Bonsai Kitten was a hoax created back in the year 2000. By this point I had just barely gotten dial up internet back in the old homestead in Canton, while my brother had had five years of internet citizenship to marinate in. I remember him explaining the website with a grin that I can only describe as impish: an MIT student had used what was then fairly cutting-edge technology to manipulate pictures to make it look like adorable kittens had been forced to grow in, and take the shape of, glass cases, much like the square watermelons of Japan that were all the rage at the time. After my brother finished the story, the question was of course asked.

“Is that real?” How young I was.

To which my brother laughed and answered that no, it wasn’t. First rule of the internet, folks: assume everything is fake until proven otherwise. Now, for folks like me who grew up in those hazy, crazy, Wild-West days of the early internet, we often learned this the hard way (I still see things when I close my eyes, dear heavens…), some folks who are older or younger than me haven’t seemed to accept this sort of framework when browsing. This is how you get obviously Photoshopped pictures, provably wrong memes, and absolutely bonkers worldviews suddenly presented as legitimate. Remember: assume everything is bunk before you can prove it, without a doubt, or risk being mocked on the internet… or voting for a carnival barker who, it turns out, can’t make the world better with a snap of his tiny fingers like he promised.

Beware of what the smartypants call “confirmation bias” which is a fancy way of saying “if it sounds too good to be true, it probably is.” Check your sources, assume everything is hot garbage until you can prove it’s not, and browse safely. Thankfully, those of us bleeding hearts over here on the left side of the fence have been hoodwinked so many times by pretend progressives serving big business that we treat everything with suspicion as default. But, for those of you who aren’t weirdos and are content not to spend your spare time researching marginal tax rates, be careful out there.

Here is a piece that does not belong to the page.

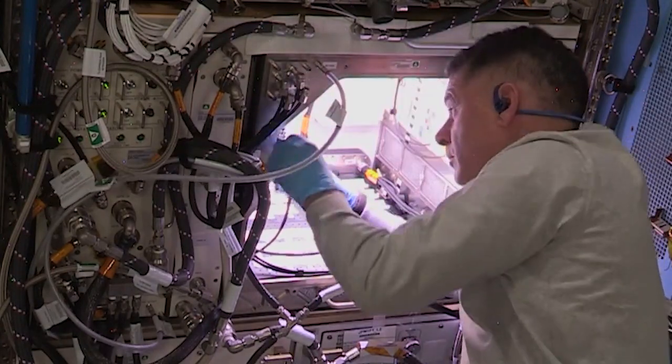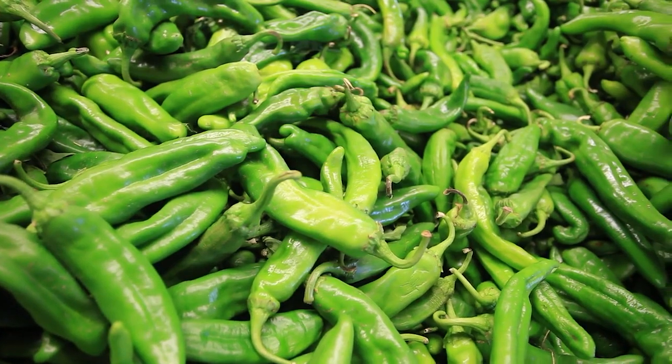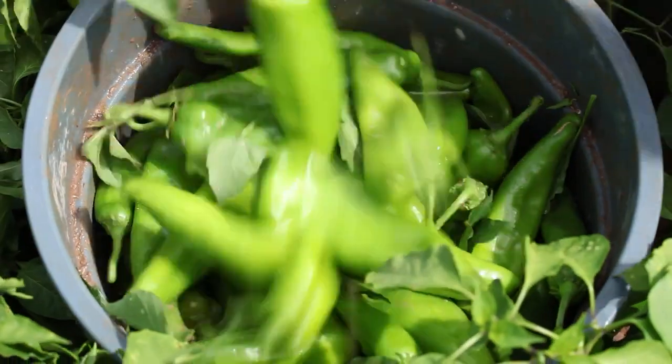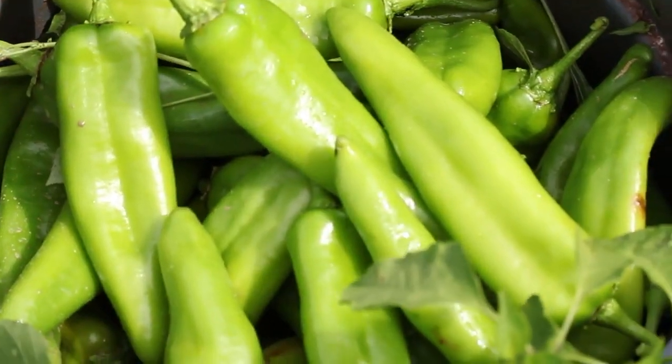Peppers will be ripe for harvest in about three and a half months. The type of peppers are Numex espinola improved, a hybrid pepper from New Mexico often grown in the Hatch Valley. These peppers had the best combination of performance and flavor of the nearly two dozen cultivars we tested.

The internet is full of liars, and they want your money. And, thanks to a lack of common sense regulation or monopoly policy, they can do darn near anything hey want to get it. Practice safe clicks, develop a healthy sense of skepticism until you see it happen, and if all else fails just find your Millennial sibling, child, or coworkers and have them explain it to you. They’re easy to find: they’re usually the one browsing memes about how climate change will fry us all to a crisp by the time Social Security kicks in but hey, at least we won’t have to worry about retirement!